1. Field of the Invention
The present invention relates generally to a method of controlling an automotive charging system, and more particularly to a method of controlling current flow into an alternator field circuit and thereby controlling the electrical output of the alternator in response to impulse and/or transient electrical loads during idle speed conditions of a motor vehicle.
2. Discussion
It is becoming difficult to calibrate automatic idle speed (AIS) compensation for varying alternator loads, primarily due to ever increasing vehicle electrical loads that make it necessary to use larger amperage alternators (i.e., larger torque loading), larger intake manifolds creating a larger delay time in engine RPM response to AIS steps, smaller capacity batteries that have less capacity to handle current draws, and lower engine idle speeds resulting in alternator operation at less efficient speeds. Due to their inability to respond well to the periodic application of impulse electrical loads (e.g., the activation of the radiator fan), current methods for controlling the alternator field have been determined to be a primary cause of highly unacceptable engine speed fluctuations and other system instabilities at idle speed conditions.

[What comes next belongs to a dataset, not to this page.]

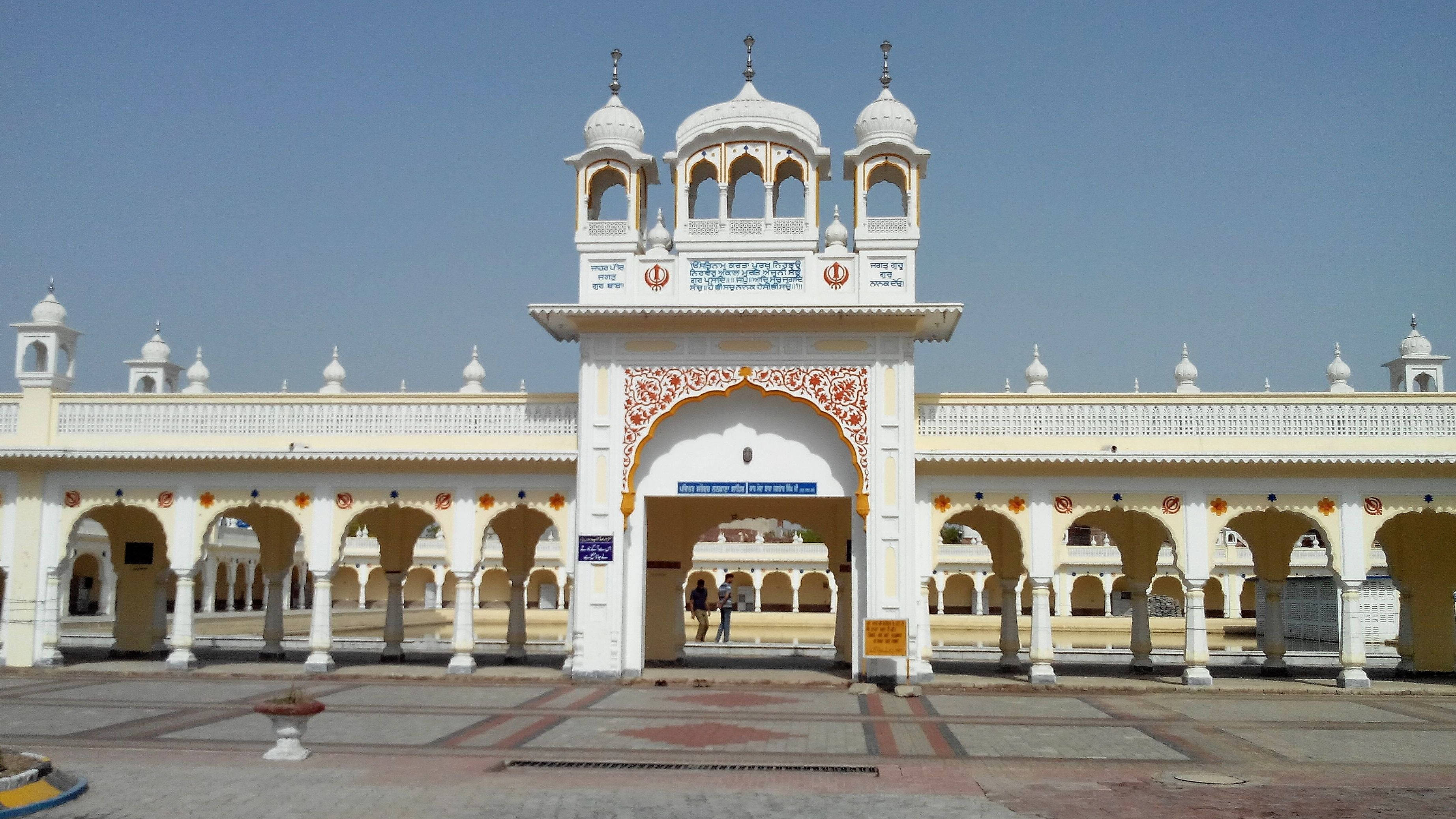 Lahore 桌布 壁紙 — 一座宏偉的白色錫克教謁師所，擁有華麗的拱門和圓頂，矗立在清澈的藍天下，有兩個人正走過入口。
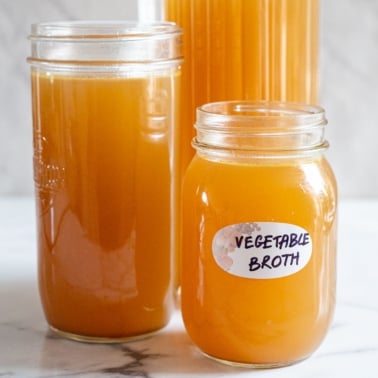 Homemade vegetable broth in three glass jars and one of them labeled.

Regulating the battery voltage level during vehicle operation consists of controlling the electrical current supplied to the alternator field circuit. This electrical current creates a magnetic field in the alternator that is proportional to the magnitude of the current. The magnitude of the magnetic field and the rotational speed of the alternator together determine the output of the alternator. The electrical field current is controlled and delivered by the powertrain control module (PCM). The PCM approximates a variable direct current by delivering a pulsewidth modulated control signal to the alternator field circuit. In a steady-state mode, alternator field control is accomplished by driving the alternator field control output pin of the microprocessor in the PCM to a prescribed ON/OFF pattern that effectively delivers one of several different duty-cycles (i.e., 0%, 12.5%, 25%, 50%, 75%, 87.5%, 100%). Periodically, for example once every 3.5 mS, the appropriate duty-cycle is chosen based on the magnitude of the difference between the most recent "trimmed" battery voltage level (from an AND conversion that occurs in the same routine once every 3.5 mS) and a desired operational battery voltage value, also referred to as the voltage regulator set point. However, missing from this control process is consideration of electrical load levels on the engine system at the time and also consideration of the engine speed at the time. As a result, the current control methods poorly manage the application of higher alternator field duty-cycles in response to impulse electrical loads (such as the activation of the radiator fan, the rear window heater, or the window motors), and it is this deficiency that has been determined to be the main cause of engine speed instability during idle speed conditions.
The problem that is caused by impulse or transient electrical loads is a result of how the system battery voltage drops (when they are applied) and how the control system detects and responds to these system battery voltage fluctuations. For instance, when the radiator fan is turned "on," the large in-rush of current that occurs because of the initial low impedance of the fan motor causes the system battery voltage to drop by a significant amount over a very short period of time. When the control system detects the system battery voltage drop, it attempts to recover by immediately increasing the alternator field current control duty cycle. This increase in alternator field current control duty cycle causes a proportional torque load on the engine as the alternator works to increase its output and restore the system battery voltage to its desired control value.
Current charging system control methods employ different strategies for managing the application of impulse loads and attempt to limit the corresponding maximum alternator field current control duty-cycle to avoid engine stall. These strategies produce undesirable engine speed fluctuations or undesirable dimming of headlamp and instrument panel lights. For example, when the control system determines that the radiator fan needs to be turned "on," it will open the AIS a prescribed number of steps and then delay a prescribed length of time before turning the radiator fan "on." This strategy effectively minimizes the possibility of the engine stalling when the radiator fan is turned "on" while operating at low engine speeds. It causes the engine speed to flare slightly before dropping sharply when the radiator fan is finally turned "on." It should be noted that this approach does not really make the idle speed any more stable, it merely makes the idle speed fluctuate above and below a target idle speed to prevent engine stall.
Therefore, it would be desirable to provide a method of controlling the alternator field current which would result in regulating the voltage in an automotive charging system in response to transient electrical loads. The method of the present invention will control current flow into an alternator field circuit during idle speed operating conditions, and thus regulate alternator output and engine torque loading to achieve an acceptable balance between engine speed fluctutation and system battery voltage drop. Upon detecting an impulse electrical load, the alternator field current flow will be gradually increased over a period of time based on the engine's rotational speed and also based on the magnitude of the delivered duty-cycle with respect to a maximum duty-cycle value. The new method effectively reduces engine speed and system voltage fluctuations that normally accompany the application of transient or impulse electrical loads. As these fluctuations are reduced, the noticeable side-effects are reduced, including changes in headlight, interior light and instrument panel light intensity, blower motor speed, and engine noise and vibration.